In many industrial engineering and other technological processes, it is crucial to characterise heat and mass transfer, for example to avoid thermo mechanical damages. Particularly, in the inlet region of internal pulsed flows, unsteady dynamic and thermal effects can present large amplitudes. These effects are mainly located in the wall region. This suggests the existence of intense unsteady stresses at the wall (shear, friction or thermal stresses). Our studies (Andre et al., 1987; Batina, 1995; Creff et al., 1985) show that there could exist an 'adequacy' of different parameters such as Reynolds or Prandtl numbers, leading to large amplitudes for the unsteady velocity and temperature in the entry zone if compared to those encountered downstream in the fully developed region. Consequently, in order to obtain convective heat transfer enhancement, most of the studies are linked to: Firstly, the search for optimal geometries (undulated or grooved channels, tube with periodic sections, etc.) : among those geometrical studies, one can quote the investigations of Blancher, 1991; Ghaddar et al., 1986, for the wavy or grooved plane geometries, in order to highlight the influence of the forced or natural disturbances on heat transfer.
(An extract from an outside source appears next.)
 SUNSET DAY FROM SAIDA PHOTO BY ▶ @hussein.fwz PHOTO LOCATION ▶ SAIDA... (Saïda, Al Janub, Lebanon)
Secondly, the search for particular flow conditions (transient regime, pulsed flow, etc.): for example those linked to the periodicity of the pressure gradient (Batina, 1995; Batina et al. 2009; Chakravarty & Sannigrahi, 1999; Hemida et al., 2002), or those which impose a periodic velocity condition (Lee et al., 1999; Young Kim et al., 1998) or those which carry on time periodic deformable walls. The main objective of this study is to analyse the special case of convective heat transfer of an unsteady pulsed, laminar, incompressible flow in axisymmetric tubes with periodic sections. The flow is supposed to be developing dynamically and thermally from the duct inlet. The wall is heated at constant and uniform temperature. One of the originality of this study is the choice of Chebyshev polynomials basis in both axial and radial directions for spectral methods, the use of spectral collocation method and the introduction of a shift operator to satisfy non homogeneous boundary conditions for spectral Galerkin formulation. A comparison of results obtained by the two spectral methods is given. A Crank Nicolson scheme permits the resolution in time.